__Task material__.
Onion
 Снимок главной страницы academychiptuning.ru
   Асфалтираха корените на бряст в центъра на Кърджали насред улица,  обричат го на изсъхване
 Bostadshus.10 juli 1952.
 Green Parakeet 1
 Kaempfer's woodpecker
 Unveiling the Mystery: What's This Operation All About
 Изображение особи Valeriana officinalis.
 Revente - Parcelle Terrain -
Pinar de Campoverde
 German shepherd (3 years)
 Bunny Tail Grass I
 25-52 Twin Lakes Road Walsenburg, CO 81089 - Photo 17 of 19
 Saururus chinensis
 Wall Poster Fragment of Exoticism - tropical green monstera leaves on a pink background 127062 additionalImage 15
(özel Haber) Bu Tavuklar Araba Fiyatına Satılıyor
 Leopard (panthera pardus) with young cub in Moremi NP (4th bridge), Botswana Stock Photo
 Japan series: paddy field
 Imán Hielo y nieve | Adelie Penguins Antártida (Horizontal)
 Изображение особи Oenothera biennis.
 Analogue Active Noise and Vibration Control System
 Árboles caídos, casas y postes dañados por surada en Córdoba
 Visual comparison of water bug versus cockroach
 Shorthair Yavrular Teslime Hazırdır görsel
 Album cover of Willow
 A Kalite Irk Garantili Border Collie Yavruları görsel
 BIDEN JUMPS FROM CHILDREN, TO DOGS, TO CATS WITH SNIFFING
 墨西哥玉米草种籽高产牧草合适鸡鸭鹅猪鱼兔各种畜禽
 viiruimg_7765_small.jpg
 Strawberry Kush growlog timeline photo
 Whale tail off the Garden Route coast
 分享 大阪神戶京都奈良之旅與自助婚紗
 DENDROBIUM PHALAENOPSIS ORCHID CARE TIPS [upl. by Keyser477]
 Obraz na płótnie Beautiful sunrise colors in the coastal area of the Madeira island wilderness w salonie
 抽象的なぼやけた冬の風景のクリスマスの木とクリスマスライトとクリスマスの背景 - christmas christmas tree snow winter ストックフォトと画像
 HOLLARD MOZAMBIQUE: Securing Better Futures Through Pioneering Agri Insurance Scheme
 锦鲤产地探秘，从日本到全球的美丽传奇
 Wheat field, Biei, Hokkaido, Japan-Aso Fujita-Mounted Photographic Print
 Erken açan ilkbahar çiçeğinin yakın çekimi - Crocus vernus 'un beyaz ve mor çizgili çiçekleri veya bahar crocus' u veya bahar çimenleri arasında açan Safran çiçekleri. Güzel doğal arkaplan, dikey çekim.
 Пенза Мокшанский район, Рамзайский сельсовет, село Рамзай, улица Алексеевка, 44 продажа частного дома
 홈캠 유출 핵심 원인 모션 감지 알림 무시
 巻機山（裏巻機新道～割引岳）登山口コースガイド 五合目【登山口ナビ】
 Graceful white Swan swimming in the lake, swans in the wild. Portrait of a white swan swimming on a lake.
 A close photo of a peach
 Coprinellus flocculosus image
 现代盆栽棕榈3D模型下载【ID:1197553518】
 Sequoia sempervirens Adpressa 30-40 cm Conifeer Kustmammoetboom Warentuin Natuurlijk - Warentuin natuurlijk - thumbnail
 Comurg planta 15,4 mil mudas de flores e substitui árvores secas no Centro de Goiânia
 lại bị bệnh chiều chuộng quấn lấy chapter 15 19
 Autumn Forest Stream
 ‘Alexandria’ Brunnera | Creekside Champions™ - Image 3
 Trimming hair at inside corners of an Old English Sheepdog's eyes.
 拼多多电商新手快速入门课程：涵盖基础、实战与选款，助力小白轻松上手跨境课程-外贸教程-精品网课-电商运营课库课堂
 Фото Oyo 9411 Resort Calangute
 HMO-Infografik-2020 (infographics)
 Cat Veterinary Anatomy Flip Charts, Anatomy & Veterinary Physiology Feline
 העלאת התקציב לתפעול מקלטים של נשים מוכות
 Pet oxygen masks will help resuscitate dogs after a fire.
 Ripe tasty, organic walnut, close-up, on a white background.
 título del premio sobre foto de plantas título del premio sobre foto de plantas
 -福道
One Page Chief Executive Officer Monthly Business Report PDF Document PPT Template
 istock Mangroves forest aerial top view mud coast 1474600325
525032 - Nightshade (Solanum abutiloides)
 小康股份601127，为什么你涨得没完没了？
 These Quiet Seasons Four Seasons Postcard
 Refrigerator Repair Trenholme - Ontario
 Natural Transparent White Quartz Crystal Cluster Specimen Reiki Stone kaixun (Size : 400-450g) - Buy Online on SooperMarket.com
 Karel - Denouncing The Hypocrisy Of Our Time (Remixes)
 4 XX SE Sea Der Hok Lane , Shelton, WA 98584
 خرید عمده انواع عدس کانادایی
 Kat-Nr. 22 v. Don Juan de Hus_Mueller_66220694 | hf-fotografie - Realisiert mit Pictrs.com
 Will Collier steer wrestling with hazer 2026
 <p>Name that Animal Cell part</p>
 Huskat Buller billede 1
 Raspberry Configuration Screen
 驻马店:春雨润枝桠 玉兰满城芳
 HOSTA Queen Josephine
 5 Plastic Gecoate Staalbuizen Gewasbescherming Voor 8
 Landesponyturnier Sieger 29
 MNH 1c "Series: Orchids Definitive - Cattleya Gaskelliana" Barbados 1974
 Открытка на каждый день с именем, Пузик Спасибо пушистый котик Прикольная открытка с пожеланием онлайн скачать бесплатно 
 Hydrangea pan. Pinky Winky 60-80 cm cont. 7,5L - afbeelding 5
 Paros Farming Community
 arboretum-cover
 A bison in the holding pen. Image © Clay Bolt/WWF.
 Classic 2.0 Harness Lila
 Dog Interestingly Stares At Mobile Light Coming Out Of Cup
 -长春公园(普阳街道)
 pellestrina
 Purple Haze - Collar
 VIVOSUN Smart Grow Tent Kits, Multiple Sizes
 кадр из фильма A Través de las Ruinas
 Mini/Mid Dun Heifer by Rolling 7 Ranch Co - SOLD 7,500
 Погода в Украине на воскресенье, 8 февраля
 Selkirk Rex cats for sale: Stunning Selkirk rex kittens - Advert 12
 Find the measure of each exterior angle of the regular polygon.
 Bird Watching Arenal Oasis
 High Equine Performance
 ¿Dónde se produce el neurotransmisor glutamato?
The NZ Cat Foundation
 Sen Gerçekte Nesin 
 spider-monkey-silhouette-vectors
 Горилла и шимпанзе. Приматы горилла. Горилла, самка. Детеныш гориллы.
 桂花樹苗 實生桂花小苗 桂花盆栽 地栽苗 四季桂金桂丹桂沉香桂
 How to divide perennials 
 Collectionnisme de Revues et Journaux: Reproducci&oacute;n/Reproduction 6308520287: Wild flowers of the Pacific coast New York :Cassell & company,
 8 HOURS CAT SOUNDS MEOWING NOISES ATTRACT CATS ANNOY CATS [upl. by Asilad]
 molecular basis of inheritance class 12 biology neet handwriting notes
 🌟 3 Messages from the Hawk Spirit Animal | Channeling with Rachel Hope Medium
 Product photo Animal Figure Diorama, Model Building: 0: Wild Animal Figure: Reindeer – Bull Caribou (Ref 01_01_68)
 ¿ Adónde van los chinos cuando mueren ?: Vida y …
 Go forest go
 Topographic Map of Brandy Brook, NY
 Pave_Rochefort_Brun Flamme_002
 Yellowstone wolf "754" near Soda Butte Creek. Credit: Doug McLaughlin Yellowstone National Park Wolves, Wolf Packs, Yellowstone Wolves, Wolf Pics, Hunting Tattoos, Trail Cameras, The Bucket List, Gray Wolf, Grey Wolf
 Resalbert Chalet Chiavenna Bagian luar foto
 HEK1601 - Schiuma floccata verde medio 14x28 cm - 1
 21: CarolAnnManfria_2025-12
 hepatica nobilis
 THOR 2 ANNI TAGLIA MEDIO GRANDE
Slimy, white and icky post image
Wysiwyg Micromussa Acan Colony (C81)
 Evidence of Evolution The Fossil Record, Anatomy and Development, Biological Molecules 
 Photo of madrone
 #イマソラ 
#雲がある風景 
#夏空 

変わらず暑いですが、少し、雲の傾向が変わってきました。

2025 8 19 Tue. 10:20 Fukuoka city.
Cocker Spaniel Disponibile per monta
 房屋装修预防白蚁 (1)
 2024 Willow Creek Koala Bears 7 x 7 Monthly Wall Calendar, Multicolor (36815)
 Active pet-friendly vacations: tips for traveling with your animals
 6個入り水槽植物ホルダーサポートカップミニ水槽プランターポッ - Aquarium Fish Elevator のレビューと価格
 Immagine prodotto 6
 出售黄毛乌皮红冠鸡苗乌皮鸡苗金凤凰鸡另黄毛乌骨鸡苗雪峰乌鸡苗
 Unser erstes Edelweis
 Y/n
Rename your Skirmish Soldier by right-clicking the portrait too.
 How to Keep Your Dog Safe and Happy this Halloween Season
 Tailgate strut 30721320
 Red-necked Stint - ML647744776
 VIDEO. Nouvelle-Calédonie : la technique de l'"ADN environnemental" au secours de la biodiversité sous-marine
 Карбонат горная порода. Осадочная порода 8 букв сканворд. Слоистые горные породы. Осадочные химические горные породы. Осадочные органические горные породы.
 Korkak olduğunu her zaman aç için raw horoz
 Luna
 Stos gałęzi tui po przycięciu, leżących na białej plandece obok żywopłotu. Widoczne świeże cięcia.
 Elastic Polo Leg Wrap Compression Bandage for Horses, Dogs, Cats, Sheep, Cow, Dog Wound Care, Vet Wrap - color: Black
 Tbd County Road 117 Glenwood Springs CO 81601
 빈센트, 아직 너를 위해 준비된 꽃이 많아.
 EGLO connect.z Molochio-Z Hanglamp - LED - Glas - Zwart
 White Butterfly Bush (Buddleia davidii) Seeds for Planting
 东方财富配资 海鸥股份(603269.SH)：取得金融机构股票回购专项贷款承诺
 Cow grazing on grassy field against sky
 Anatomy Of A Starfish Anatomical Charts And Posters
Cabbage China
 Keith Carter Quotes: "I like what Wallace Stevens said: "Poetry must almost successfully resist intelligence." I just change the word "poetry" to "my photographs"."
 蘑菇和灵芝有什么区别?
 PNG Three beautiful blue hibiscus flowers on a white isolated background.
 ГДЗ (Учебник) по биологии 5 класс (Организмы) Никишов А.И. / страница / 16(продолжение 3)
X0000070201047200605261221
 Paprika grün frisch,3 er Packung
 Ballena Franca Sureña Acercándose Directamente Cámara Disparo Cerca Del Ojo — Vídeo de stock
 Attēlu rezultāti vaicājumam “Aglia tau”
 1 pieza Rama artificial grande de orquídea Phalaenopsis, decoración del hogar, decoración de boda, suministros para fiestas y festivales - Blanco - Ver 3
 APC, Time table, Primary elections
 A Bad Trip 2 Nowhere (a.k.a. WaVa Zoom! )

__How to complete this task__.
Give back, word for word, only the lines above from the line holding "העלאת התקציב לתפעול מקלטים של נשים מוכות" to the line holding "arboretum-cover", both included.

__Exercise result__.
 העלאת התקציב לתפעול מקלטים של נשים מוכות
 Pet oxygen masks will help resuscitate dogs after a fire.
 Ripe tasty, organic walnut, close-up, on a white background.
 título del premio sobre foto de plantas título del premio sobre foto de plantas
 -福道
One Page Chief Executive Officer Monthly Business Report PDF Document PPT Template
 istock Mangroves forest aerial top view mud coast 1474600325
525032 - Nightshade (Solanum abutiloides)
 小康股份601127，为什么你涨得没完没了？
 These Quiet Seasons Four Seasons Postcard
 Refrigerator Repair Trenholme - Ontario
 Natural Transparent White Quartz Crystal Cluster Specimen Reiki Stone kaixun (Size : 400-450g) - Buy Online on SooperMarket.com
 Karel - Denouncing The Hypocrisy Of Our Time (Remixes)
 4 XX SE Sea Der Hok Lane , Shelton, WA 98584
 خرید عمده انواع عدس کانادایی
 Kat-Nr. 22 v. Don Juan de Hus_Mueller_66220694 | hf-fotografie - Realisiert mit Pictrs.com
 Will Collier steer wrestling with hazer 2026
 <p>Name that Animal Cell part</p>
 Huskat Buller billede 1
 Raspberry Configuration Screen
 驻马店:春雨润枝桠 玉兰满城芳
 HOSTA Queen Josephine
 5 Plastic Gecoate Staalbuizen Gewasbescherming Voor 8
 Landesponyturnier Sieger 29
 MNH 1c "Series: Orchids Definitive - Cattleya Gaskelliana" Barbados 1974
 Открытка на каждый день с именем, Пузик Спасибо пушистый котик Прикольная открытка с пожеланием онлайн скачать бесплатно 
 Hydrangea pan. Pinky Winky 60-80 cm cont. 7,5L - afbeelding 5
 Paros Farming Community
 arboretum-cover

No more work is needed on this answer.